Mais de uma década depois, a Accor soma 325 empreendimentos em operação no Brasil e emprega cerca de 15 mil pessoas. Por sua vez, Cibele, aos 39 anos, acumula promoções dentro da empresa — atualmente, é maîtresse de banquetes no Novotel Morumbi, na capital paulista. Ela coordena as operações de um restaurante de alto padrão, numa função que exige sofisticação e gestão de pessoas.
“Eu entrei no segmento hoteleiro como menino gay. Realizar a transição de gênero e continuar a minha carreira na empresa, chegando num cargo de liderança, é extremamente importante.”
Cibele Florêncio, maîtresse do Novotel Morumbi.
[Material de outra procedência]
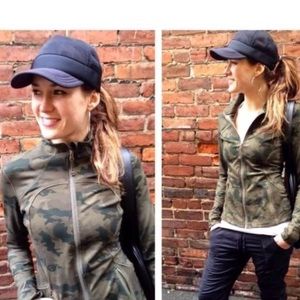 lululemon athletica Accessories - LULULEMON WHATSUP SAVASANA CAMO TRUCKER HAT UNISEX lululemon athletica Accessories - LULULEMON WHATSUP SAVASANA CAMO TRUCKER HAT UNISEX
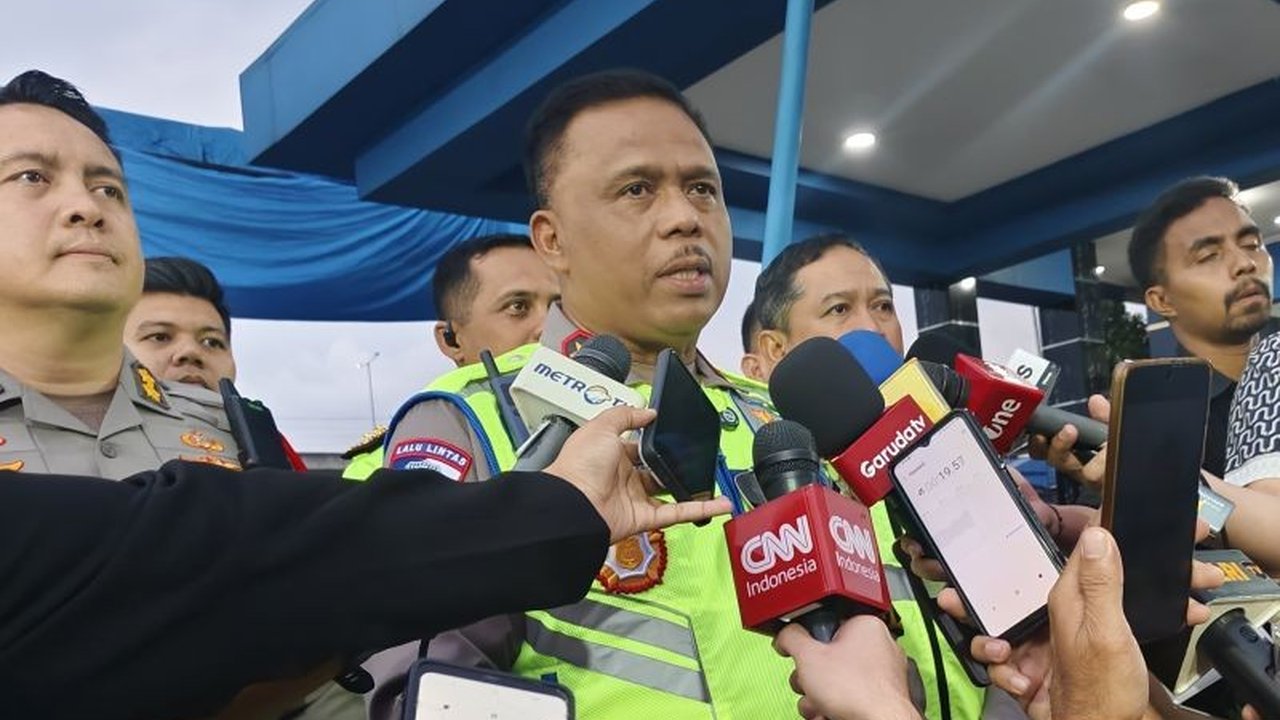 Kakorlantas Polri Irjen Pol. Agus Suryonugroho menyatakan kondisi lalu lintas Lebaran 2026 terpantau aman dan terkendali, meskipun terjadi peningkatan mobilitas kendaraan yang signifikan.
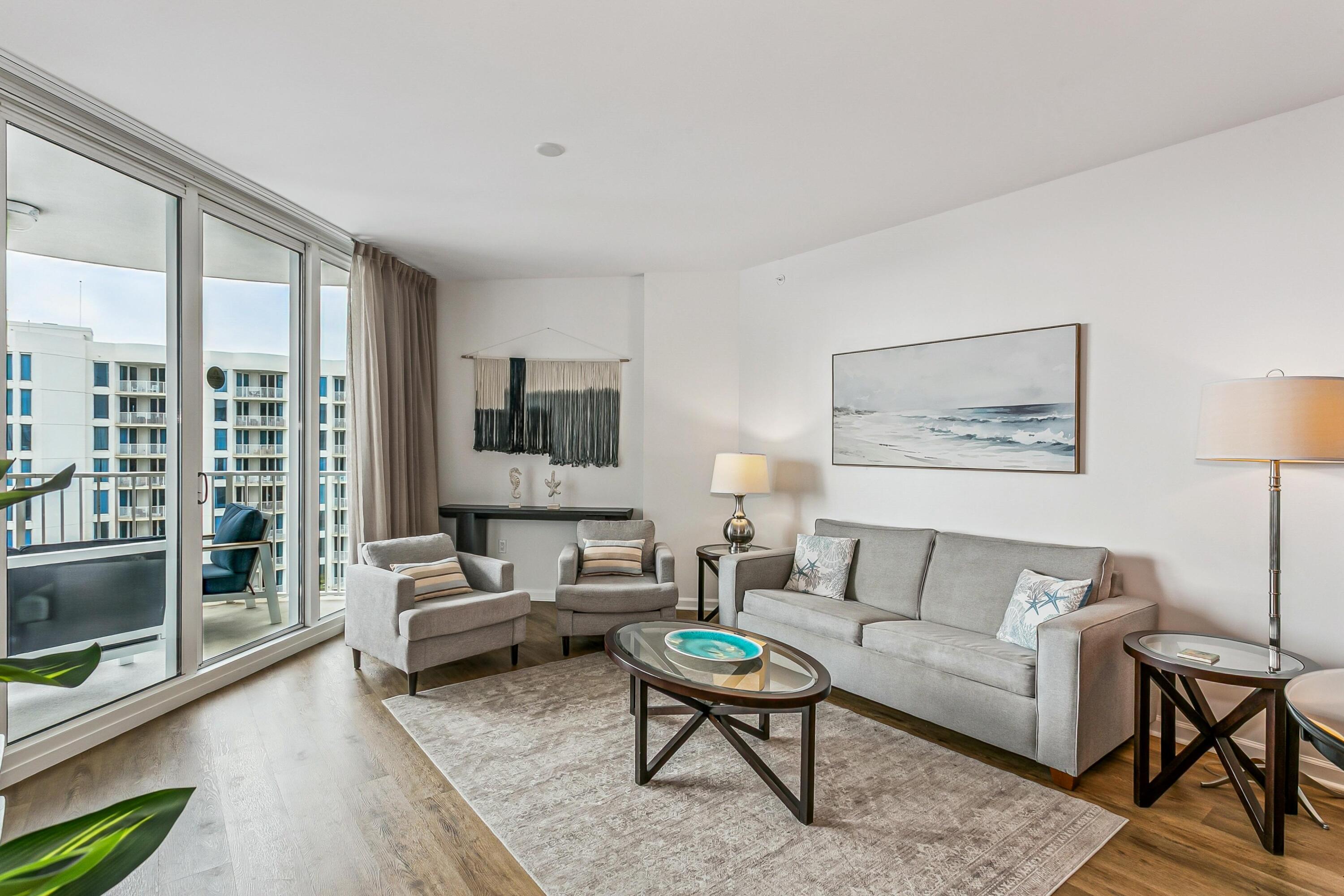 Image 2: Living Room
Embora louvável, o caso de Cibele é um ponto fora da curva. O relatório Experiências de Trabalho de Pessoas LGBTQIA+ no Brasil, feito pela Out & Equal e o Instituto + Diversidade, aponta que 28% das pessoas da comunidade ocupam cargos de liderança. Dessas, 56% são homens gays, 20% são mulheres lésbicas e apenas 8% são pessoas trans.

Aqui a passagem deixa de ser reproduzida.